*Aim of the task*
Please report how many lines in the records below contain the word "Chocolate", giving only that number.

*Collected data entries*
□ □ □ □ □ □ □

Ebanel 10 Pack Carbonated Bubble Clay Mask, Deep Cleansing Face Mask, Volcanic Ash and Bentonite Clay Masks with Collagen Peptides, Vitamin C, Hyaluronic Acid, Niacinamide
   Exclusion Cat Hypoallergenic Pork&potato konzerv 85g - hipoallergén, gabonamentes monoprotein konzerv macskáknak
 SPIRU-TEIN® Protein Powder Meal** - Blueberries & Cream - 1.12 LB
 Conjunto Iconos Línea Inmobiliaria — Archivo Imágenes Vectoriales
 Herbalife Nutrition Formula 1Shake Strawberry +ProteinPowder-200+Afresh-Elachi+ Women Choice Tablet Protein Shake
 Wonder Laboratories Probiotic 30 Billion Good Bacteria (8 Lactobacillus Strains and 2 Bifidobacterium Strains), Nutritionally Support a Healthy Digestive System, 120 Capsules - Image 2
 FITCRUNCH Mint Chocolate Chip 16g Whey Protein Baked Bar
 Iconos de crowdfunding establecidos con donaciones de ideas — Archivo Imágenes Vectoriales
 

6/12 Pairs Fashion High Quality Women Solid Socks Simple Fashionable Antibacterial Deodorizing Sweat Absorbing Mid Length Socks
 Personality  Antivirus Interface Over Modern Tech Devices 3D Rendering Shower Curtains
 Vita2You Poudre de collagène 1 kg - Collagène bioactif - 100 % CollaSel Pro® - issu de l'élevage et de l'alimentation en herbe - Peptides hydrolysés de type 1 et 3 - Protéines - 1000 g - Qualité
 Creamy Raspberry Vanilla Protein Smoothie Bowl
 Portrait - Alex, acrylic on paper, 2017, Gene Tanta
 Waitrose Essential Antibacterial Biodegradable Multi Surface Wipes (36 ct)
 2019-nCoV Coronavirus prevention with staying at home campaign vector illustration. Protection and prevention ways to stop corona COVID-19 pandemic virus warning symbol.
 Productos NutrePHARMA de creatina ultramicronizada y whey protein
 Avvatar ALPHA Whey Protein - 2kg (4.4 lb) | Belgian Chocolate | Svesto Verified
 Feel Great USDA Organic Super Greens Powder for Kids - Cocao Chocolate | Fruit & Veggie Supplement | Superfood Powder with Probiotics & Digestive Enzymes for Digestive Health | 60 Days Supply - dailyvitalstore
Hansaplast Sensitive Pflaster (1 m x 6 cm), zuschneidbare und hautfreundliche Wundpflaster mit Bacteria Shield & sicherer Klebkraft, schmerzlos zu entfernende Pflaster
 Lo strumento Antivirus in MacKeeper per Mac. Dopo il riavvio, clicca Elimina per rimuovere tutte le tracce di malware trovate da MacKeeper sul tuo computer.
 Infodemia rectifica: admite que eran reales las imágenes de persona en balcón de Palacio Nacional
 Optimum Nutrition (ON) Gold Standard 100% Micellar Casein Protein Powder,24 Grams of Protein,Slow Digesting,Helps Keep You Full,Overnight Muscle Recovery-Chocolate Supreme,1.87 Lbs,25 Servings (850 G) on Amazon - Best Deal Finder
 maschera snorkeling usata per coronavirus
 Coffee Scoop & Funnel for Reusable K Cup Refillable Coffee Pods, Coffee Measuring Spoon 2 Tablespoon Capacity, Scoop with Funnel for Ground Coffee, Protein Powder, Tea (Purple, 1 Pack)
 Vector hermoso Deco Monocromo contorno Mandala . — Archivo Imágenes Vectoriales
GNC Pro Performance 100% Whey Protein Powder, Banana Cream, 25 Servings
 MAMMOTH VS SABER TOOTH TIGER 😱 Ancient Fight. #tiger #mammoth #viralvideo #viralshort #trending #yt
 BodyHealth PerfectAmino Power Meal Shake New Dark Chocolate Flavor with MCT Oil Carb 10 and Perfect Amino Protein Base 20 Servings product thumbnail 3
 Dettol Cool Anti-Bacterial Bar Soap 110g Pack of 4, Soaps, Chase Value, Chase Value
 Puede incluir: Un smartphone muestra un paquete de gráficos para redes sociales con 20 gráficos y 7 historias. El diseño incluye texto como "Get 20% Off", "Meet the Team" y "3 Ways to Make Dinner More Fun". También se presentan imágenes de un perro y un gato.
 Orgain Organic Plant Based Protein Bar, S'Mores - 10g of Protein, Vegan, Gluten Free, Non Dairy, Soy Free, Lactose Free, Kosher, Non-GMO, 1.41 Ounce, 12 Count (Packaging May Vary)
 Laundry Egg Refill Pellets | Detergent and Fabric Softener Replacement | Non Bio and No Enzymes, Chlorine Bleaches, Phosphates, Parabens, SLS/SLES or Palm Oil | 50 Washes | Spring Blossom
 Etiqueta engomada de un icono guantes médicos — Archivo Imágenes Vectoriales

□ □ □ □ □ □ □

*Exercise result*
5